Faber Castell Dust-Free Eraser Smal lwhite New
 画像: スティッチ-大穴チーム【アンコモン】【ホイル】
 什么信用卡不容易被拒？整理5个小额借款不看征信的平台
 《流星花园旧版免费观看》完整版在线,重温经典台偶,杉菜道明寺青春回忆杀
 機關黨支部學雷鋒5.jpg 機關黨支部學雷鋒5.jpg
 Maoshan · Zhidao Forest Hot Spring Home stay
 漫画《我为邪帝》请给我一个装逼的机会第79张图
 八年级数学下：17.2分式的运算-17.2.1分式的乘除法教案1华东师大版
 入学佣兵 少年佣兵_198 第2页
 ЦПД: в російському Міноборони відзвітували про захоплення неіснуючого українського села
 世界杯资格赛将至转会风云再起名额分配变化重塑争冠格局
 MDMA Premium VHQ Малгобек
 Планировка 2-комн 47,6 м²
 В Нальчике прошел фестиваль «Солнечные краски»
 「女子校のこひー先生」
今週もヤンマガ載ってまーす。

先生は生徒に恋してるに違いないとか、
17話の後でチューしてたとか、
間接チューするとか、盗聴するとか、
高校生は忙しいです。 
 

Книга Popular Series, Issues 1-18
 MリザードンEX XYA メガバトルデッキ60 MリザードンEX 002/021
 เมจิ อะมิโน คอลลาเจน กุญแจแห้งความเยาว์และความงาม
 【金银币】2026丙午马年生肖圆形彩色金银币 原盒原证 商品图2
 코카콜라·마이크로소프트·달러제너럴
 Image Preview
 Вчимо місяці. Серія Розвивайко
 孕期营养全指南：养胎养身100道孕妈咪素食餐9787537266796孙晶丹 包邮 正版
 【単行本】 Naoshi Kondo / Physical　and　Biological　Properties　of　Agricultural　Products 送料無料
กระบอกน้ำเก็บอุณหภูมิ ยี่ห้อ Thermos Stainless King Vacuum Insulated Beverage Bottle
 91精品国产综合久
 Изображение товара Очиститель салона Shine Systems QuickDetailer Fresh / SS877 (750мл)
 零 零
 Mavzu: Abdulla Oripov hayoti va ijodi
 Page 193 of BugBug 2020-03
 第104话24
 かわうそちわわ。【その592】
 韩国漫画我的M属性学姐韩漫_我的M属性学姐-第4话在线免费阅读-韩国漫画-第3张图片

┄┄┄┄┄┄┄┄┄┄┄┄┄┄┄┄┄┄┄┄

Activity — Return exactly the leading lines of the listing, stopping after the line in which "入学佣兵 少年佣兵_198 第2页" occurs.

Answer to this exercise —
Faber Castell Dust-Free Eraser Smal lwhite New
 画像: スティッチ-大穴チーム【アンコモン】【ホイル】
 什么信用卡不容易被拒？整理5个小额借款不看征信的平台
 《流星花园旧版免费观看》完整版在线,重温经典台偶,杉菜道明寺青春回忆杀
 機關黨支部學雷鋒5.jpg 機關黨支部學雷鋒5.jpg
 Maoshan · Zhidao Forest Hot Spring Home stay
 漫画《我为邪帝》请给我一个装逼的机会第79张图
 八年级数学下：17.2分式的运算-17.2.1分式的乘除法教案1华东师大版
 入学佣兵 少年佣兵_198 第2页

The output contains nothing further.